Cornish Pasty Assoc @Cornishpasties1
Delight at Treasury's £40m pasty tax U-turn

Campbell's Bakery @ScottishBaker
@BritishBaker I use a heated display for hot savouries, same as all bakers I assume but have paid VAT forever!

Malcolm Johnstone @greyrigg
@BritishBaker @wrbm Common sense prevails, rare with this government but welcome nonetheless. #pastytax


'PASTYGATE' TIMELINE

21 March Budget announced by George Osborne highlighted plans to enforce a 20% VAT on hot takeaway products, due to take effect in October.
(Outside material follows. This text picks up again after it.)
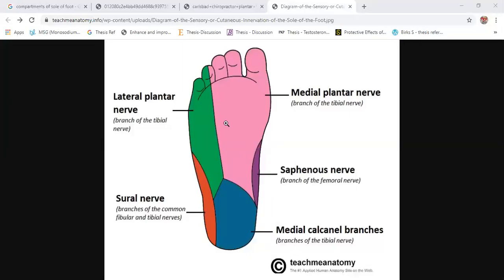The skin of the sole is thick, hairless, contains numerous sweat glands, and is firmly bound to the underlying deep fascia with the help of fibrous bands called skin ligaments.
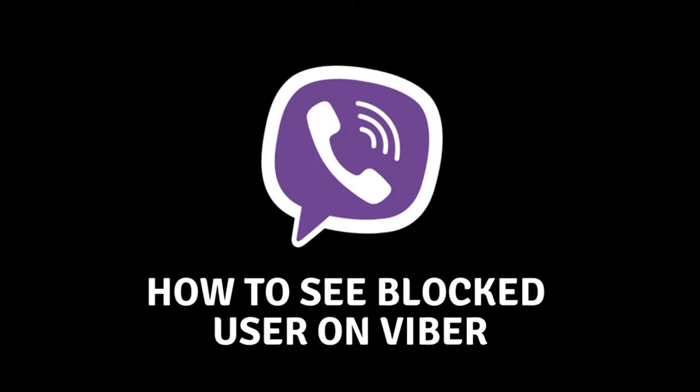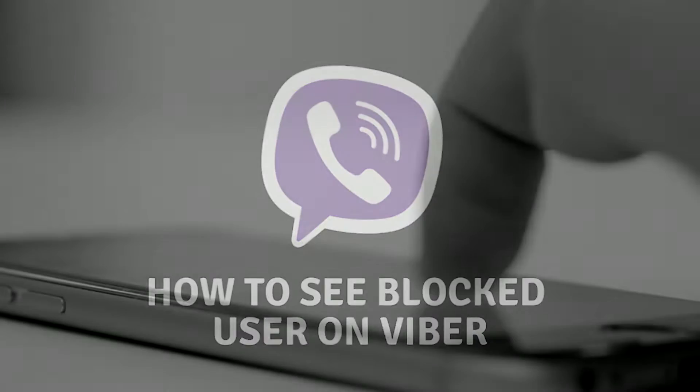How You Can See Blocked Numbers on Viber. Hello everyone and welcome to the new video. In today's video, I will show you how you can see the list of blocked accounts on your Viber.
Greggs' share value dropped £20m.
26 March BB's 'Say NO to the 20% Pie Tax' campaign launched in collaboration with the National Association of Master Bakers (NAMB).
27 March George Osborne questioned by Labour MP John Mann in front of the Treasury Select Committee on his last Greggs pasty purchase.
28 March David Cameron blundered over his most recent pasty purchase from the West Cornwall Pasty Co in Leeds station, despite the firm not operating an outlet in the location over the past five years. Ed Miliband and Labour party members purchased eight sausage rolls from Greggs.
30 March BB and the NAMB's joint e-petition received more than 500 signatures.
2 April The Sun's 'Save Our Savouries' petition reached the 100,000 signatures milestone.
19 April Liberal Democrat MP Stephen Gilbert's tabled amendment in parliament was narrowly defeated by 35 votes.
26 April More than 500 bakers attended a demonstration, handing over half a million signatures to No 10 Downing Street. McMeikan said: "We come here today with peaceful intentions but resolute determination to fight to the bitter end."
17 May Bakery industry representatives met with HMRC to discuss a workable solution. Treasury indicated a final announcement would be made during the summer.
18 May The 'pasty tax' consultation period closed, extended from the initial deadline date of 4 May.
23 May MPs questioned the tax in parliament and Labour's John Mann claimed the proposals had been put forward by an "out of touch, anti-English, inept on detail Treasury and government".
28 May The government performed a U-turn, revising the plans on 20% VAT.